My approach is simply instead of randomly going to a subtree I choose the one with the deepest node and when we have visited all vertices in its subtree I assign a value and push the subtree min in sequence and calculate its LNDS.
your explanation is not clear. whose subtree? what do you do with the subtree you choose? what value do you assign?

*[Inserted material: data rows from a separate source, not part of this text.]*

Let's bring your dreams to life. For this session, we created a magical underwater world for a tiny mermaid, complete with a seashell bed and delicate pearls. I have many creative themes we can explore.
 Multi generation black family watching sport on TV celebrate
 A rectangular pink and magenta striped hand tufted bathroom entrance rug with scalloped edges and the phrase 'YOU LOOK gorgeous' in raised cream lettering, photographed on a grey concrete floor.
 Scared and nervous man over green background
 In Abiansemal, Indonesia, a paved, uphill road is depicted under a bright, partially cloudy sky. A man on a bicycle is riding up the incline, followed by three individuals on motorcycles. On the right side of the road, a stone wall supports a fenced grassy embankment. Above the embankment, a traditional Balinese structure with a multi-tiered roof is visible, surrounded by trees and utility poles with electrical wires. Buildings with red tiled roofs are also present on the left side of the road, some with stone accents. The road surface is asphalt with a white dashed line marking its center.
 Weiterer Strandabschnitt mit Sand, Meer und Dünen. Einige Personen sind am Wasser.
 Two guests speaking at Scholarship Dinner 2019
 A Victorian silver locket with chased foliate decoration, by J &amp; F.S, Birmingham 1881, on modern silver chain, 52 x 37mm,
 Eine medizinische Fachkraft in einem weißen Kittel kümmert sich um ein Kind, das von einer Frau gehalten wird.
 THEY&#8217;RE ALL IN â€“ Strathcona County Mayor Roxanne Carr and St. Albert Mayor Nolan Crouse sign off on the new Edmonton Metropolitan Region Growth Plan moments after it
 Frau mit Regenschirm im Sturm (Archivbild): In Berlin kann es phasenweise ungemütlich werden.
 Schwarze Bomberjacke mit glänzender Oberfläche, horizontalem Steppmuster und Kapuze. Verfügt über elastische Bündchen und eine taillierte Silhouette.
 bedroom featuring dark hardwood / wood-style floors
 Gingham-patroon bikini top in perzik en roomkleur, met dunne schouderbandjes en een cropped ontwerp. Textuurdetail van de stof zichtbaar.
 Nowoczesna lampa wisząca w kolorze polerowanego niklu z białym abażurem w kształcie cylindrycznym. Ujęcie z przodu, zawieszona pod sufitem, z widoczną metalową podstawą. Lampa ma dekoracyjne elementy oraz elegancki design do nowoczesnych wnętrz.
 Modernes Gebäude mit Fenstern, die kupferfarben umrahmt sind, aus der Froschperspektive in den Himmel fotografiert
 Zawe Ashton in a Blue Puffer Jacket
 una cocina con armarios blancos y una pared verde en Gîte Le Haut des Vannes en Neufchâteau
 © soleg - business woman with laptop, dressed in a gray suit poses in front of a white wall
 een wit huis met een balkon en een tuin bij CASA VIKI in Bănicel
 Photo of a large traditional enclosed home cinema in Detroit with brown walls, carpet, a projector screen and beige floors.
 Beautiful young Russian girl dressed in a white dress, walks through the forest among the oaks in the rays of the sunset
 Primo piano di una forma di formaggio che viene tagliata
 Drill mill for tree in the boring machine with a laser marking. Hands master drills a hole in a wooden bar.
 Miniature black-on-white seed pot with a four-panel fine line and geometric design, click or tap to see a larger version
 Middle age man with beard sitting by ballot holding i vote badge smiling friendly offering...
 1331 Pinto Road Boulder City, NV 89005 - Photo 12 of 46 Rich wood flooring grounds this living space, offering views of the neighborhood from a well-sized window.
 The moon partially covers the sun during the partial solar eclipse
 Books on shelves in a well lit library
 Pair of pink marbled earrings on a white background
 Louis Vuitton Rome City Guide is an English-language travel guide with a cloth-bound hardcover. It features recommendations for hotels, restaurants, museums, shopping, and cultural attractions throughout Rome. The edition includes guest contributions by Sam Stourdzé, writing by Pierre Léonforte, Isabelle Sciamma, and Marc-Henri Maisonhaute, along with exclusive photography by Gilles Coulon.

Sorry if my explanation wasn't clear enough I will explain it more thoroughly. So I'm maintaining a timer variable that will assign a value to each node, it is initialized to 1. Now we start by traversing a tree in dfs order but we assign a value to a node only when we have traversed all nodes in its subtree and the value that gets pushed into s is the subtree minimum of that node then we increment the timer variable. Now for traversal let's say we are at a node x so instead of randomly visiting a node in its subtree, we will start by visiting the subtree with the deepest node(maximum height) first. So for that I just calculated depth of each vertex and took the max depth (height) for each node and just sorted the adjacency list for each node based on their respective height in non increasing order. Finally I just calculate the LNDS of the s sequence that we created.
178446226
It works the same as the dp solution. let a[v] be the lnds of v's subtree. a[v] is either the concatenation of a[c_i] for all children c_i of v, or the path from v to its deepest child, whichever is longer. the length of a[v] is equal to dp[v].
Oh got it thank you.
How are we deciding the permutation a?
Can you please write the full form of LNDS?
Longest non-decreasing subsequence.
How to prove the first statement in the editorial for problem F?
Gale–Ryser theorem
Well, the first thing that helps for this problem is to consider that all multisets have the same size, which is $$$n$$$. Simply, add additional zeros representing empty sets until you have $$$n$$$ numbers in the multiset.
One possible way in which we realize that such a condition is equivalent and can prove it is to note the following: If we are able to createe a multiset $$$(M_i)_{i \in [0, n)}$$$ we can always move elements from a bigger set $$$M_i$$$ to a smaller one $$$M_j < M_i$$$ and still maintain a valid configuration. The reason is that in $$$M_i$$$ there are at most $$$M_j$$$ elements that are already in $$$M_j$$$, so the rest, $$$M_i - M_j$$$ can be moved to $$$M_i$$$ if it is necessary.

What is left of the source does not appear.